MG: A number of people who loved him dearly tried to talk him out of this. They said, “This is your life savings. Suppose the board of directors changes, and they’re not your friends? You could lose everything.”
And Oberon was like, “No, no, that could never possibly happen. We’re all in this together.”
NARRATOR: From the beginnings of modern Paganism, and continuing on up to the present, there seems to have been an unwritten rule within the community that the “clergy,” in whatever way the people involved care to define that term, are not to be paid. People in positions of service to their Pagan groups are more often than not expected to somehow take care of themselves and their own finances—even if what they’re doing is full-time work, and they have duties that would be properly compensated for in some other religion. There are those who have been performing services at births, weddings, funerals, and other rites of passage for decades who now have no retirement funds, insurance, or any place to live out their old age that is connected to the spirituality they’ve dedicated their lives to.
Which is not to say that they are not loved or in or other ways rewarded. People do these things voluntarily. But their lives can be tough. Tim Zell was not paid for his years of service in St. Louis, and as we have seen, he in fact personally helped finance the Church and its publications. He made a lot of sacrifices, not thinking about what might happen to his own security. The decision to donate his house to the Church was just one more sacrifice, and not one that would work out as he hoped it would after he left St. Louis.
OZ: After paying off Martha, most of the money I’d saved went into the bus itself. It was a matter of completely cutting loose and casting myself into the unknown. I had no idea of what I would do to make a living once we got to the West Coast.
On our last night in St. Louis, we stopped by our old house, parked the bus in the driveway, and went to sleep. We were going to get up the next morning and leave. But it turned out there was still a warrant out for my arrest.
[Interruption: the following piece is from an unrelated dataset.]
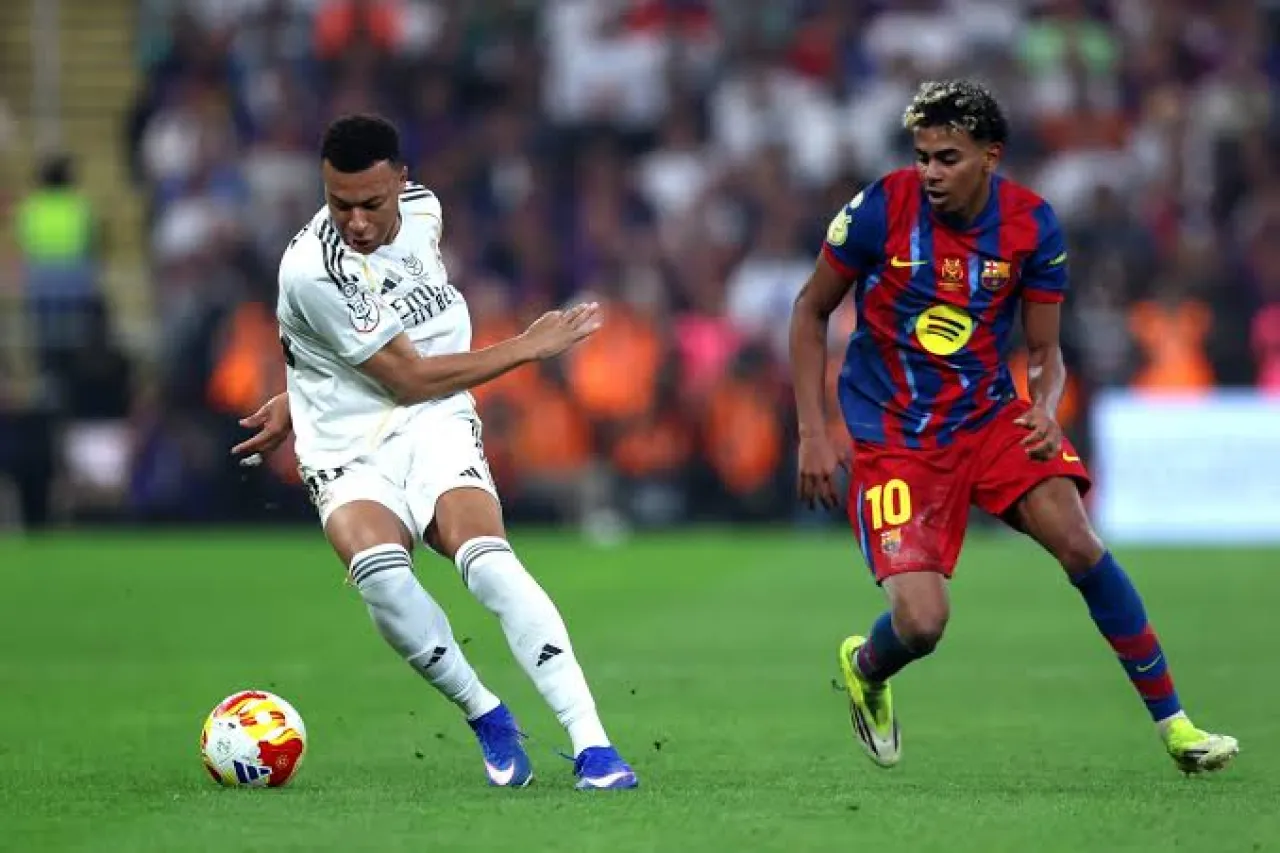 الملكي الريال يسحق برشلونة على ملعبه ويحسم كلاسيكو الأرض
The first week when Morning Glory moved to St. Louis, one night the police showed up at the doorstep and hauled me off to jail. That was not a good way to start things off. Orion, who was crashing with us at the time, had been working on his car and had a bunch of parts spread out in the driveway. He went into the house to make himself some lunch. When he came back he put the car back together, and we thought that was the end of it.
But I was under continual harassment by an ex-fraternity “brother” who had become a city prosecutor. He really hated me because I had rebelled against the fraternity system. When he found out I was living in his town, he kept having me arrested on one trumped-up charge after another. One time, when my iguana, Gryf, got loose, I was charged with “harboring a dangerous animal”! I’d go to court and the charges were always dismissed. I didn’t even have to hire a lawyer. In this particular case I was charged with littering—in my own driveway! This one was also dismissed, but somehow some lingering echo of it remained.
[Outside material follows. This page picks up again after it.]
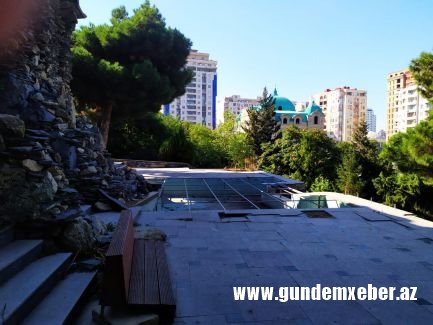 İcra başçısı İlham Əliyevin saldırdığı parkı məhv edib – Bina tikdirir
So there we were, sleeping in the bus, and there was a knock on the door.
MG: The police were beating on the door and trying to get in. They had another warrant for his arrest. The door was locked. We didn’t have any curtains on the windows, so they could look in. So we just pulled the covers over our heads and lay verrry still—because the monsters can’t get you when you’re under the covers! They finally gave up and went away. At that point we jumped up, put our clothes on, and hit the road for Oregon.